Ernest Cook

Rank:                         Private

Service No:                CH/9181

Date of Death:           06/02/1915

Age:                           37

Regiment/Service:     Royal Marine Light Infantry

Cemetery                    Sheerness Cemetery, Isle of Sheppey, Kent.

 

Ernest was born on 12th December 1877 in Derby. His parents were William Henry Cook (1840-1916), a soldier, and Margaret Davis (1851-1894). Ernest had nine siblings: Annie (b.1869), William George (1870–1884), Marion (b.1873), Rose Adelaide (1875-1934), Edith Kate (1879–1882), Alice Maud (b.1882), William (b.1884), Katharine Lilian (b.1887) and John Clifford (1891–1970).

At the time of the 1881 Census, the family were living in Kirkby-in-Ashfield, Nottinghamshire. William's occupation is listed as, ‘fireman and brazier’. The entry also states that Annie had been born in India, from which it would seem that he had previously served in the army. From 1884 onwards, the family lived in Islington, London.

At the time of the 1891 Census, Ernest, aged 13, was living with the family of a hairdresser at 21 York Road in the parish of St Pancras, Euston, London and employed as a hairdresser's assistant.

Ernest enlisted in the Navy on 19th August 1896. He served in the Royal Marine Light Infantry.

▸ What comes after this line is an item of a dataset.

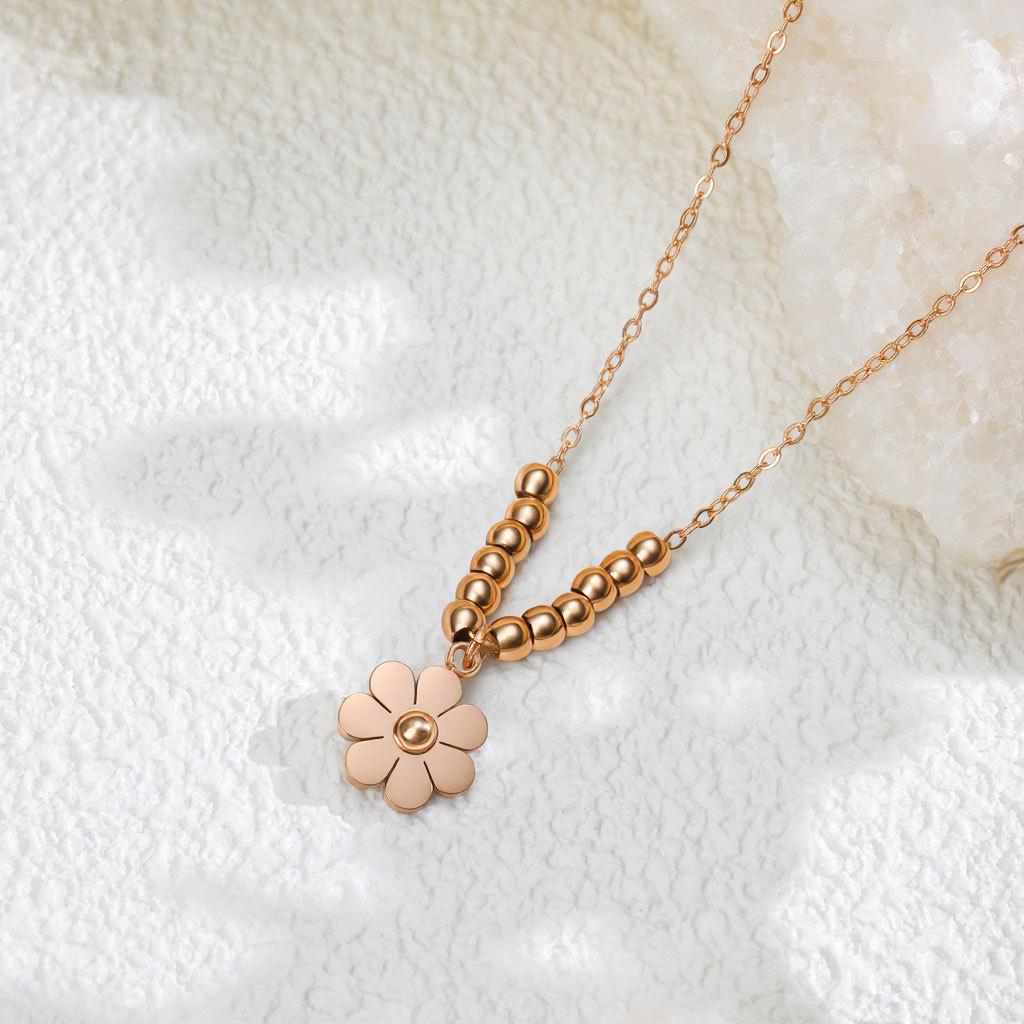 Mori Sweet Chrysanthemum Titanium Steel Necklace Female Flower Beaded Simple Versatile Collarbone Chain Does Not Fade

At the time of the 1901 Census, he was based at Malta as a member of the crew of HMS Renown, a pre-dreadnought battleship of the Centurion class.

On 28th May 1906, Ernest married Edith Blanche Neve (1881-1910) at St James the Less, Bethnal Green, London. The marriage register lists their address as 210, Old Ford Road, Bethnal Green and Ernest’s occupation as ‘mariner’.

At the time of the 1911 Census, he was based in China and the East Indies as one of 63 Royal Marine Light Infantry who were on board HMS Berwick, one of ten armoured cruisers of the Monmouth Class. His marital status is recorded as ‘widower’. Sometime between April 1911 and the outbreak of war in 1914 he retired from the service as subsequent naval records indicate he was in receipt of a naval pension.

At the time of his death, H.M.S. Wildfire was a shore establishment at Sheerness. It would appear that Ernest was killed through being knocked down in Sheerness Dockyard by an engine engaged in shunting.

The March 1915 edition of the St Luke’s Finchley Monthly Magazine notes his death, saying that he was ‘killed by accident in Sheerness dockyard. He was called out with the reservists in August and lived with a married sister in 9, Lichfield Grove’. His estate was worth just £48, which he left to his sister, Mrs Rose Adelaide Munday, who was married to a police constable.